After an evaluation, GNOME has moved from Bugzilla to GitLab. Learn more about GitLab.
No new issues can be reported in GNOME Bugzilla anymore.
To report an issue in a GNOME project, go to GNOME GitLab.
Do not go to GNOME Gitlab for: Bluefish, Doxygen, GnuCash, GStreamer, java-gnome, LDTP, NetworkManager, Tomboy.
Bug 687364 - first entry to overview blocks compositor for a moment
first entry to overview blocks compositor for a moment
Status: RESOLVED OBSOLETE
Product: gnome-shell
Classification: Core
Component: general
3.6.x
Other Linux
: Normal normal
: ---
Assigned To: gnome-shell-maint
gnome-shell-maint
: 687849 691789 693446 (view as bug list)
Depends on:
Blocks: 687362
 
 
Reported: 2012-11-01 18:13 UTC by Simon McVittie
Modified: 2015-04-27 15:57 UTC
See Also:
GNOME target: ---
GNOME version: ---


Attachments
strace log while opening the overview for the first time (854.57 KB, text/plain)
2012-11-01 18:38 UTC, Simon McVittie
Details
strace from run 2 (659.69 KB, text/plain)
2012-11-05 15:31 UTC, Simon McVittie
Details
matching sysprof from run 2 (184.42 KB, application/octet-stream)
2012-11-05 15:32 UTC, Simon McVittie
Details
strace with patches from #687465 (529.50 KB, text/plain)
2012-11-12 19:00 UTC, Simon McVittie
Details
corresponding sysprof (777.20 KB, application/octet-stream)
2012-11-12 19:00 UTC, Simon McVittie
Details

Description Simon McVittie 2012-11-01 18:13:10 UTC
+++ This bug was initially created as a clone of Bug #687362 +++

I'm using an instrumented GLib with access()-based "trace points" similar to [ACCESS], with gnome-shell under strace - so my numbers are likely to be larger than they would be in real life.
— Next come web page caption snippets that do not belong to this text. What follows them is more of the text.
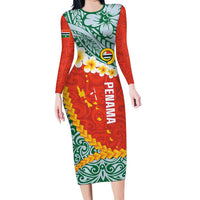 Penama Province Family Matching Long Sleeve Bodycon Dress and Hawaiian Shirt Vanuatu Map - Plumeria Flag Color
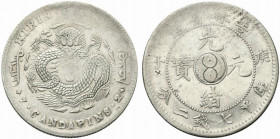 Cina. Dinastia Qing. De Zong 1875-1908. AR Dollar (Kirin) O.J. (1900) KM Y183a, LM 526. BB+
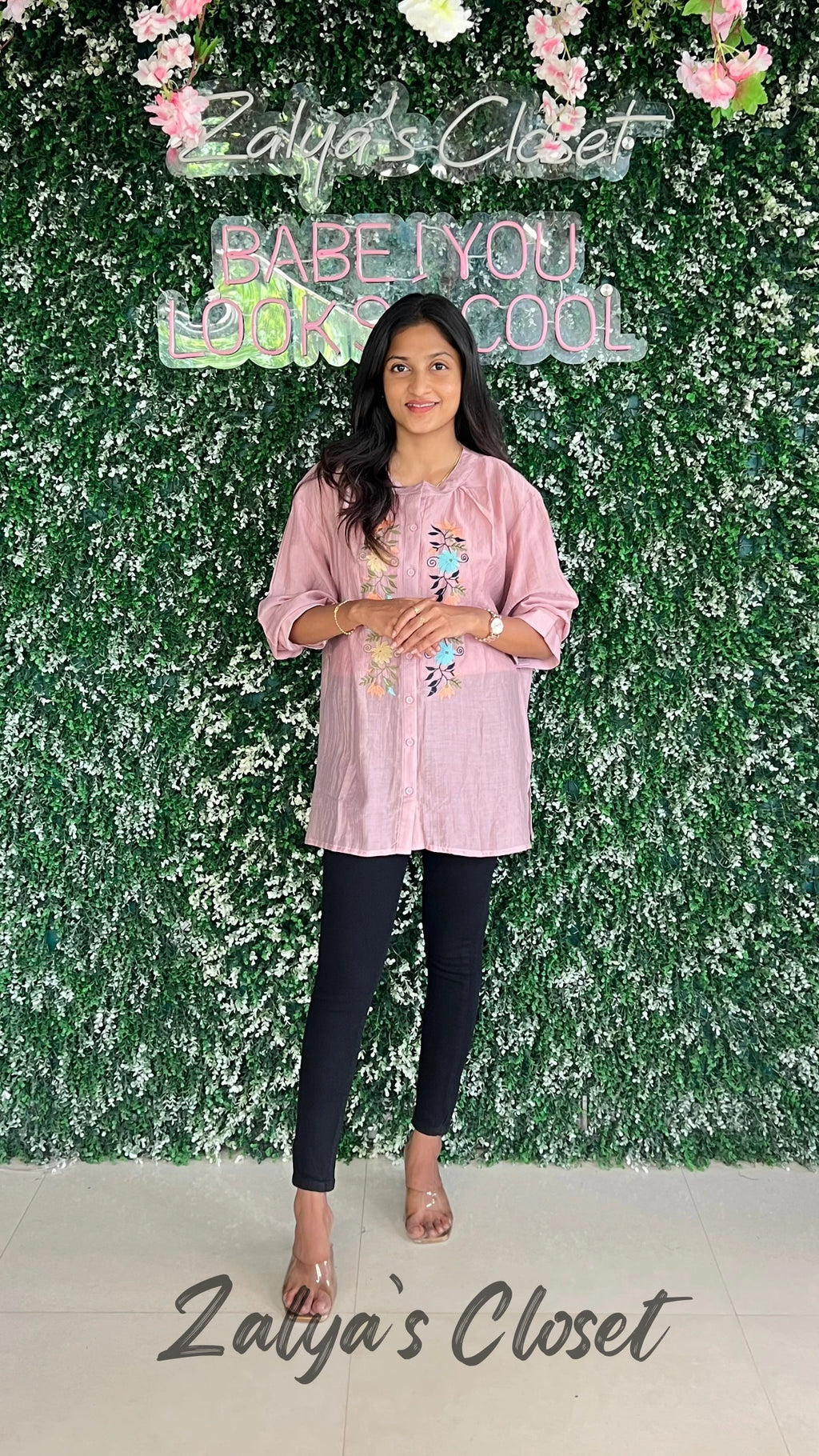 Embroidered Tops Plus Size - Pink, 40-44 image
The first time the Shell enters the overview, it does not get back to the GLib main loop for a moment (~1.6 seconds, with the instrumentation I mentioned), after performing all this I/O inside dispatch(). During this time, the compositor can't render frames.

Main thread:
* several X11 (?) round trips
* stat() on each icon directory (/usr/share/pixmaps/gnome,
  /usr/share/icons/gnome, /home/smcv/.icons/hicolor, etc.)
* starting several image-loading threads
* stat() on index.theme in some of the locations I mentioned
* mutex contention with the image-loading threads

Image-loading threads:
* actually loading the images, obviously
* mutex contention with each other and the main thread

[ACCESS]: http://people.gnome.org/~federico/news-2006-03.html#timeline-tools
Comment 1 Simon McVittie 2012-11-01 18:25:38 UTC
Some possible ways this could be addressed (some of these are probably unworkable, I'm erring on the side of "suggest it so people can reject it"):

* Make the application-chooser a separate process with a (transparent?) X11
  window, with a special case in compositing so it's only composited into
  the overview rather than being treated as an application window?
  (Would this mean that libgnome-menus could live in that process, and
  not in the main Shell process? I haven't dug into how gnome-menus is
  used yet.)

* stat() things in a secondary thread so these syscalls can't block the
  main loop?

* Put all icon loading on a thread (probably that same secondary thread?)
  and make it synchronous, rather than using the async GIO functions
  that end up in a generic thread pool, so there's less lock contention?

* Make a loading "wishlist" for the secondary thread and hand it off
  atomically, so there's only one unlock/lock handshake?

* Lazily load application icons in a background thread while the Shell
  is otherwise idle, so that opening the overview is quicker?
  (Not necessarily particularly useful: I would expect that typical Shell
  users would start their login session by opening the overview to look
  for a document or application anyway, at which point the Shell is
  waiting for the icons.)

* Eagerly load application icons while Shell starts up? (This directly
  conflicts with the goal of making Shell startup quicker.)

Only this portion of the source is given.